» Brief
Give the entries again exactly as they appear, but without the images.

» Exercise material
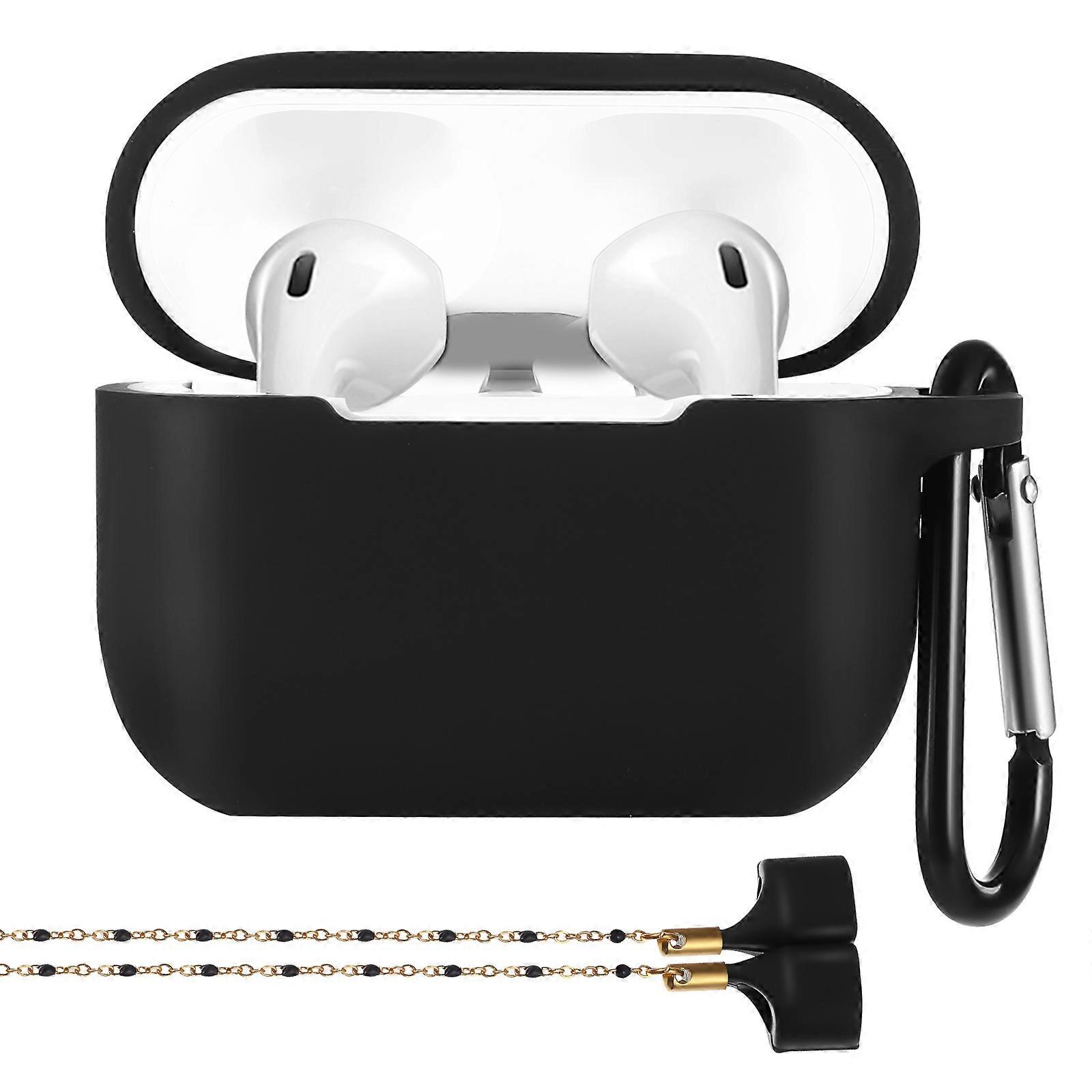 Silicone Earphone Case with Anti Lost Lanyard for Black Portable Protective Set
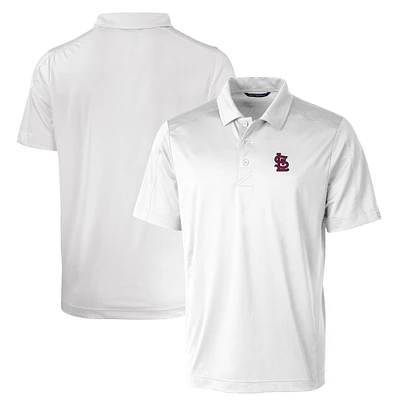 Men's Cutter & Buck White St. Louis Cardinals Big Tall Prospect Eco Textured Stretch Polo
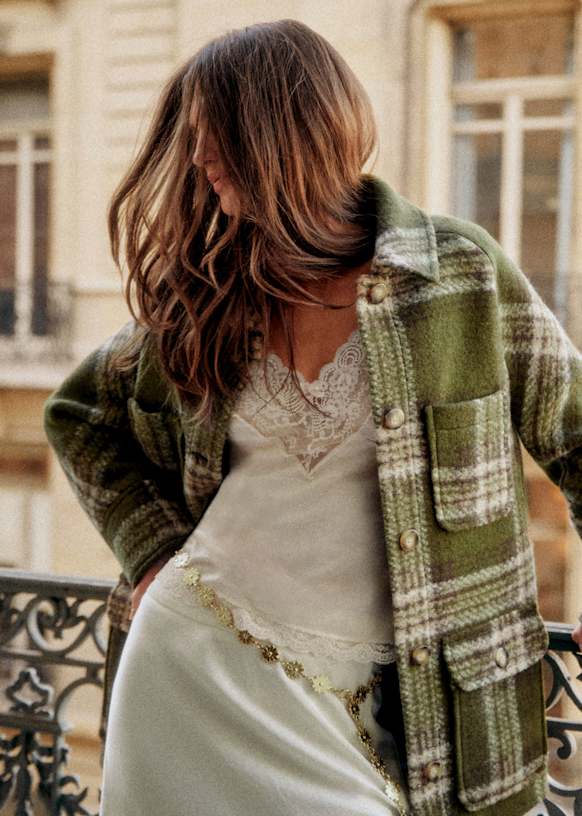 Sezane coat shop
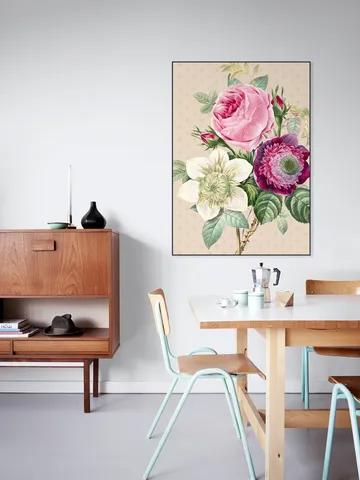 Vintage Redoute Peonies and Roses II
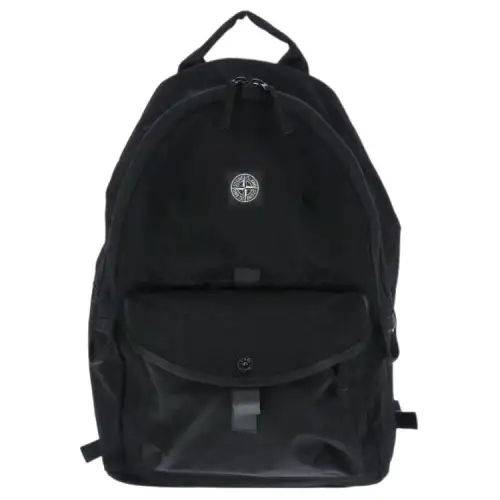 STONE ISLAND Nylon Backpack Unisex Black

» Solution for this task
 Silicone Earphone Case with Anti Lost Lanyard for Black Portable Protective Set
 Men's Cutter & Buck White St. Louis Cardinals Big Tall Prospect Eco Textured Stretch Polo
 Sezane coat shop
 Vintage Redoute Peonies and Roses II
 STONE ISLAND Nylon Backpack Unisex Black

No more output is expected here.